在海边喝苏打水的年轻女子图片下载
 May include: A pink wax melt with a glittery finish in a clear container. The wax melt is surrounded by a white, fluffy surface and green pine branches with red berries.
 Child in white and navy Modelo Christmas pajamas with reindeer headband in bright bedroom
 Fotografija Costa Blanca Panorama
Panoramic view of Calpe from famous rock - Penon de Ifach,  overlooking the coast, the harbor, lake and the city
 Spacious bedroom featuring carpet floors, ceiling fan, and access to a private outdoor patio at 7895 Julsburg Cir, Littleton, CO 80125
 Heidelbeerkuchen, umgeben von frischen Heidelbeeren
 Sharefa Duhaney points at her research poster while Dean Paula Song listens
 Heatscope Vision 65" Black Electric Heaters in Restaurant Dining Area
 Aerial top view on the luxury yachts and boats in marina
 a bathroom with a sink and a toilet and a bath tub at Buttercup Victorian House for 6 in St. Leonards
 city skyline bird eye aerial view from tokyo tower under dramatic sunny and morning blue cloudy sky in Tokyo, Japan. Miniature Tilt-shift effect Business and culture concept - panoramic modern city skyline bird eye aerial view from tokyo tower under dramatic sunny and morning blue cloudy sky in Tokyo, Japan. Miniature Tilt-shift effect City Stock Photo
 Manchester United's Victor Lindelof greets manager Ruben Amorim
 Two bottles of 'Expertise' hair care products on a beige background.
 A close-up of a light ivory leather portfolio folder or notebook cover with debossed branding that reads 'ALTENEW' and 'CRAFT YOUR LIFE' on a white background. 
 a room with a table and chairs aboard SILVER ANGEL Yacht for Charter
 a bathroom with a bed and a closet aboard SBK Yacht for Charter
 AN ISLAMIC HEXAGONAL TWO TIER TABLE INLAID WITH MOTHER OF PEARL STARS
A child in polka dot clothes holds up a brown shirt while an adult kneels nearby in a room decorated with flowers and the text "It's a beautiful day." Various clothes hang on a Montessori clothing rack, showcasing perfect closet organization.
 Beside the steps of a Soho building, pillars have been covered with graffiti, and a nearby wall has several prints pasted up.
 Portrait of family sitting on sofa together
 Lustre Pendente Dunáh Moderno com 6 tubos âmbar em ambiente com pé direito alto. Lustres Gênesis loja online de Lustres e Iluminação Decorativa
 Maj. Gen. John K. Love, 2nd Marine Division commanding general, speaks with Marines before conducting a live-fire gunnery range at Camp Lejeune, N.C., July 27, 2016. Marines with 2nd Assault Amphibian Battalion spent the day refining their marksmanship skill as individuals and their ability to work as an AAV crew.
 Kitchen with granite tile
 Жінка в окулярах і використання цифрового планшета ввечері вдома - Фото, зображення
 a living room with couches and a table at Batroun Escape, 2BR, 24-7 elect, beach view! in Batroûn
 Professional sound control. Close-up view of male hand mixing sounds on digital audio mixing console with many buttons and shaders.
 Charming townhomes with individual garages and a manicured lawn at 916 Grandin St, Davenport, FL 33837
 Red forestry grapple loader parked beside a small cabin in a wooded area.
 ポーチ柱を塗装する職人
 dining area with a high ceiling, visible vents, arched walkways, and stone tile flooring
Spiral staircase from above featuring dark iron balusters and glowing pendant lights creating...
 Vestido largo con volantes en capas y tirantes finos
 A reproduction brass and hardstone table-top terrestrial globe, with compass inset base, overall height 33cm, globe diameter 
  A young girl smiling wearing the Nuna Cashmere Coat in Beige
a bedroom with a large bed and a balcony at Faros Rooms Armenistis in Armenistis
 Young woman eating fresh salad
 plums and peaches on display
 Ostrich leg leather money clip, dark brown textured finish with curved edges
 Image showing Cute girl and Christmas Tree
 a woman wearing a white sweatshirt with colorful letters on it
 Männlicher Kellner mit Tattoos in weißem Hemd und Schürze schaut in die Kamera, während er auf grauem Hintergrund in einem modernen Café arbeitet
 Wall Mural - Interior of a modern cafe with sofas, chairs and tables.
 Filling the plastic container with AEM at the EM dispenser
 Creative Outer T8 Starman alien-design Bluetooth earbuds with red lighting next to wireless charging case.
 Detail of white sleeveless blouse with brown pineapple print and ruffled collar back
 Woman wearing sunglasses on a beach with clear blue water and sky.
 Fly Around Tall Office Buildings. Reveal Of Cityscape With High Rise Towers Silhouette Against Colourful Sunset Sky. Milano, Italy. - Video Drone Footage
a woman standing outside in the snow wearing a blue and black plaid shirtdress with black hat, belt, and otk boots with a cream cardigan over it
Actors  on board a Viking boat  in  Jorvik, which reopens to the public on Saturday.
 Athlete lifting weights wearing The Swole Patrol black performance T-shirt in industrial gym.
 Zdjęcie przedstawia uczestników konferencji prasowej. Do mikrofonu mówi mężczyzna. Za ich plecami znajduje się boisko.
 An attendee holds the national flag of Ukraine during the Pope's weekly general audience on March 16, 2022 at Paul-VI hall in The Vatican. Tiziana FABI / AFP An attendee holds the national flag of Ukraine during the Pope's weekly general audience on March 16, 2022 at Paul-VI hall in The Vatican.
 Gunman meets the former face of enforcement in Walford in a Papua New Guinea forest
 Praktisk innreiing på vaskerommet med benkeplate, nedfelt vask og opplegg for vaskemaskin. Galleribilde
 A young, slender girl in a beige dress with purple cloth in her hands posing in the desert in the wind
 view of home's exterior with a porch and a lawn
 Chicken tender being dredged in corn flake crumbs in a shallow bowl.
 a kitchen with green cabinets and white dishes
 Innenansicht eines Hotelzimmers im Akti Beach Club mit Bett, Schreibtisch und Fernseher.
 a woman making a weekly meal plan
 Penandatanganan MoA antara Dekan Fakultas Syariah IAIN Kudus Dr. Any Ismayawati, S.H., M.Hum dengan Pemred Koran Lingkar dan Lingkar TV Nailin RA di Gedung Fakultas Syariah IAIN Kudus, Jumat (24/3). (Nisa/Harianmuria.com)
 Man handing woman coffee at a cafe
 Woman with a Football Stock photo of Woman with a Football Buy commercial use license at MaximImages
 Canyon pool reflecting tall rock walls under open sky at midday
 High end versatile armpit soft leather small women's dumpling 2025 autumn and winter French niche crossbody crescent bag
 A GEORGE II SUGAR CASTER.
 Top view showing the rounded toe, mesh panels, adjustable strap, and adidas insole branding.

WORK INSTRUCTION: All lines in the entries above that hold the word "rock" need to be copied.

SOLUTION TO THE PROBLEM:
Panoramic view of Calpe from famous rock - Penon de Ifach,  overlooking the coast, the harbor, lake and the city
 Canyon pool reflecting tall rock walls under open sky at midday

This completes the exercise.